Het is 6 uur in de morgen. Gewekt door het tikken van de verwarmingsbuizen draai ik me nog eens heerlijk om, in de wetenschap dat de voorzitter van onze universiteit al voor ons aan het werk is: hij is telefonerend en e-mailend op weg naar de universiteit, voor weer een nieuwe lange dag van zijn 80-urige werkweek.
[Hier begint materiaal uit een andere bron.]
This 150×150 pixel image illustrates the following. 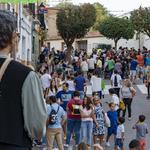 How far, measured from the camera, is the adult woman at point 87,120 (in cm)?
1422

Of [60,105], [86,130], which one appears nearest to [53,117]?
[86,130]

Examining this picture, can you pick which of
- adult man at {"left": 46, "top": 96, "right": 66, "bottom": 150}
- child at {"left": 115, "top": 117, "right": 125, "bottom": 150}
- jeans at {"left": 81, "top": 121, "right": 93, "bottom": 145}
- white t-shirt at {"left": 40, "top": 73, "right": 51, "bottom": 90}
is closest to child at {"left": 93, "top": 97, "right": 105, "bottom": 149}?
jeans at {"left": 81, "top": 121, "right": 93, "bottom": 145}

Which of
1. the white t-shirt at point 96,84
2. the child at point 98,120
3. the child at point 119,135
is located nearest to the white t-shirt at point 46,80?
the white t-shirt at point 96,84

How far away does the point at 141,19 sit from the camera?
5078 centimetres

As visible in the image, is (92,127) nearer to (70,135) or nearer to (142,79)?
(70,135)

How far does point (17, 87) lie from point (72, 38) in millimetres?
44923

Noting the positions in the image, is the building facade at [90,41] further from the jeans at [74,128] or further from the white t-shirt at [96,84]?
the jeans at [74,128]

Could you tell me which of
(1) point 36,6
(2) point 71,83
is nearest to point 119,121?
(2) point 71,83

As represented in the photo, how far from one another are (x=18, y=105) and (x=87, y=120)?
11.0 m

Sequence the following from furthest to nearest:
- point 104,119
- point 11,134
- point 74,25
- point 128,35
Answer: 1. point 128,35
2. point 74,25
3. point 104,119
4. point 11,134

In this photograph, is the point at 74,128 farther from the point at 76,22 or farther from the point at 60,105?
the point at 76,22

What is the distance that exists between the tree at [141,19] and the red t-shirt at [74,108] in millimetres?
35831

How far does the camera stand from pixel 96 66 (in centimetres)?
3294

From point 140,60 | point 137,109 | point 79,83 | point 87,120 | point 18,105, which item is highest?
point 18,105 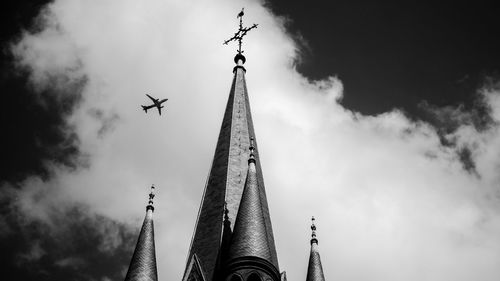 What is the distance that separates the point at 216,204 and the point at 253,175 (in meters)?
1.96

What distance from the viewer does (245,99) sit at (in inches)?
1478

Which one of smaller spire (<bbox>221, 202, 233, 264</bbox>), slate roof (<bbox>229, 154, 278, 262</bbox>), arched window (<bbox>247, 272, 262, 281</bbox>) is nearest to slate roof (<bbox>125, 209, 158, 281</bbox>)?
smaller spire (<bbox>221, 202, 233, 264</bbox>)

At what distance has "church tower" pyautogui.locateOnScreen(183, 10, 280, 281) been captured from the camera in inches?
1017

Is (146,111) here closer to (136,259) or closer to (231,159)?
(231,159)

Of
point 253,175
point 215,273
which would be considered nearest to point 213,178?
point 253,175

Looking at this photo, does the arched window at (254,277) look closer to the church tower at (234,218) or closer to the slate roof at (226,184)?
the church tower at (234,218)

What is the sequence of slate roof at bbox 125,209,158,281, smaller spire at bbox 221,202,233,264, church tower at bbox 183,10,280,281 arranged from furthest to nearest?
smaller spire at bbox 221,202,233,264
slate roof at bbox 125,209,158,281
church tower at bbox 183,10,280,281

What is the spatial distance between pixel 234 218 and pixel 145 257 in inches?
146

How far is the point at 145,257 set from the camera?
26.8 meters

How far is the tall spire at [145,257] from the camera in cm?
2608

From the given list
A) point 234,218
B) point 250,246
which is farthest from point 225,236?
point 250,246

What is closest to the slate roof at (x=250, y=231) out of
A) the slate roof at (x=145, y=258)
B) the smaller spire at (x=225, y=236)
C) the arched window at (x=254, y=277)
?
the arched window at (x=254, y=277)

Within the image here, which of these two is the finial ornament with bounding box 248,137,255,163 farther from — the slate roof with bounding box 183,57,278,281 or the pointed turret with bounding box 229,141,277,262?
the pointed turret with bounding box 229,141,277,262

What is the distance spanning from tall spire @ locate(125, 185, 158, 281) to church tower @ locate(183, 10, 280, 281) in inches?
51.2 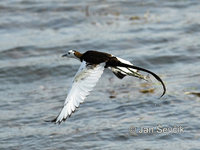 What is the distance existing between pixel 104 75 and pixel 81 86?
349 centimetres

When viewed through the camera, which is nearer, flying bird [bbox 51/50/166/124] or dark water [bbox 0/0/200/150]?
flying bird [bbox 51/50/166/124]

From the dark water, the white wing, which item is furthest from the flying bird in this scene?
the dark water

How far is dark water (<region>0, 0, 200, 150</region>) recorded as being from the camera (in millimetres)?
6508

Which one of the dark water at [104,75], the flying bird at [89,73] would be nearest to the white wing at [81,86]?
the flying bird at [89,73]

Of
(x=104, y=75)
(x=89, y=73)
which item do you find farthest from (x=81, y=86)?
(x=104, y=75)

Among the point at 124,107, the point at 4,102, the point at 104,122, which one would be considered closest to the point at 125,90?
the point at 124,107

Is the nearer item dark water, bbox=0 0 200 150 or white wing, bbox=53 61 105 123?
white wing, bbox=53 61 105 123

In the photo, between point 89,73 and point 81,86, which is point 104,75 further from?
point 81,86

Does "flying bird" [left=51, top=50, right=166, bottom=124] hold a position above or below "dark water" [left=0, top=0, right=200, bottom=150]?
above

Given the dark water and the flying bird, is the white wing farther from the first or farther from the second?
the dark water

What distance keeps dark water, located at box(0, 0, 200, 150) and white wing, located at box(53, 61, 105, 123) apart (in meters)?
0.90

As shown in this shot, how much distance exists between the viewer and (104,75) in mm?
9180

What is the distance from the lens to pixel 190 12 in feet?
40.9

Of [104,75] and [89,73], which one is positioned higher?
[89,73] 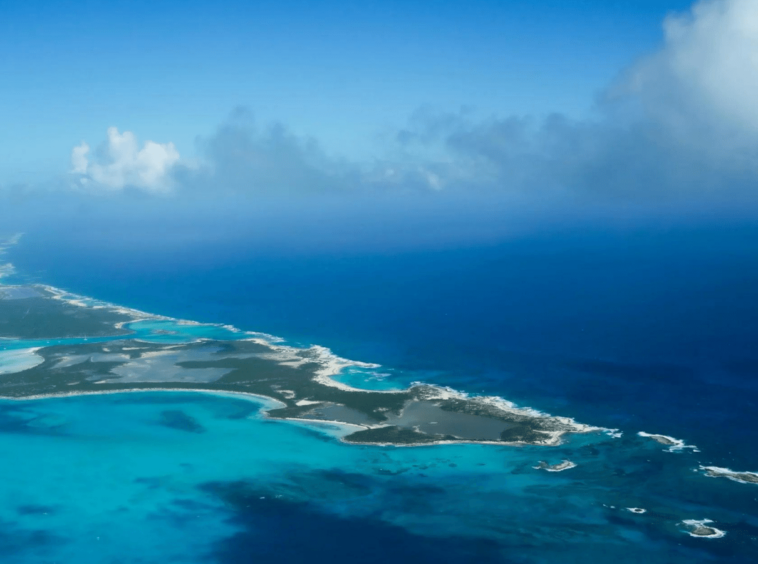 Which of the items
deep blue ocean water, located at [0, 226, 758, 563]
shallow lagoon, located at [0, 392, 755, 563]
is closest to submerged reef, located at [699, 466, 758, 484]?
deep blue ocean water, located at [0, 226, 758, 563]

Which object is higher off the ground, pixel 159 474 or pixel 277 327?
pixel 277 327

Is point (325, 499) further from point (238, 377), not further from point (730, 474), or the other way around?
point (238, 377)

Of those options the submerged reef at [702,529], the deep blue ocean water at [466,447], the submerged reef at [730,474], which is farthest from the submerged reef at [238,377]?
the submerged reef at [702,529]

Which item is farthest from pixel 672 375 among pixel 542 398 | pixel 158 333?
pixel 158 333

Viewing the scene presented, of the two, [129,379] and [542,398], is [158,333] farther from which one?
[542,398]

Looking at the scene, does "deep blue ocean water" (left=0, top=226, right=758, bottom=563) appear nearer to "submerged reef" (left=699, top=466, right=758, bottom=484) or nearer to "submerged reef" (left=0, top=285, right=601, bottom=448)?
"submerged reef" (left=699, top=466, right=758, bottom=484)

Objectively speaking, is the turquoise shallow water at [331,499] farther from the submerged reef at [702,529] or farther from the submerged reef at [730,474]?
the submerged reef at [730,474] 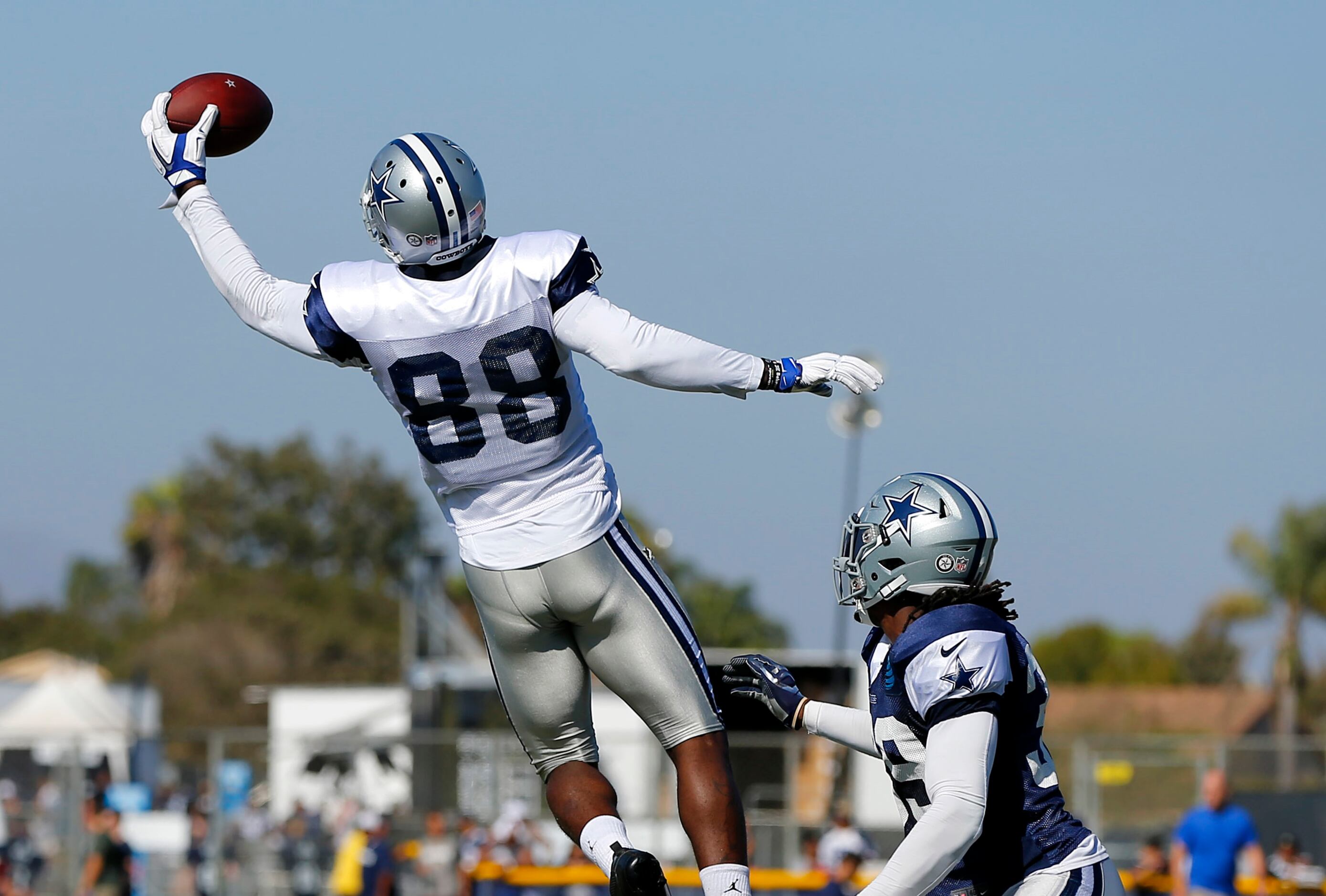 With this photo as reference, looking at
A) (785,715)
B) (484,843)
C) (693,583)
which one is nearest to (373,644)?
(693,583)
Ambitieuze en gedreven mensen maken vaak lange werkweken. Maar ik heb wel de indruk dat het tegen elkaar opbieden als het gaat om de lengte van de werkweek op zijn retour is. Ik zat laatst in een bespreking over dit soort dingen met toch best ambitieuze collega’s, en het bleek dat de laptop in het weekend steeds meer zoveel mogelijk dicht blijft. Er is meer in het leven.
Code rood
Deze overwegingen komen bij me op aan het eind van de themamaand Werkdruk die we aan de Universiteit Twente hebben gehad. Door mijn drukke werk ontgaan themamaanden me meestal, maar deze niet. Ik werd, samen met vier TNW-collega’s, uitgenodigd voor een exclusieve Lunch & Learn over werkdruk. Daar kregen we eerst een schets van het probleem. Waarschijnlijk hebben de koplopers in de wedstrijd ‘Wie heeft de langste werkweek’, ondanks hun extreem lange werktijden, niet veel last van werkdruk: het is meestal hun eigen keuze. Maar wie kampen dan wel met problematische werkdruk? Uit het UT-medewerkersonderzoek 2015 blijkt dat het met name gaat om leidinggevend wetenschappelijk personeel in vaste dienst met 5-30 dienstjaren: twee op de drie personen uit deze groep geeft aan een (veel) te hoge werkdruk te ervaren. Een variatie op dit beeld komt naar voren in de bachelorscriptie van UT-bestuurskundestudent Joey Zeelen uit hetzelfde jaar: wetenschappelijk medewerkers (in tijdelijke en vaste dienst) in de leeftijd 30-60 jaar ervaren meer werkdruk dan 30- en 60+, met een werkdrukpiek voor de leeftijdsgroep 51-60 jaar. Volgens deze cijfers is het voor mij dus code rood.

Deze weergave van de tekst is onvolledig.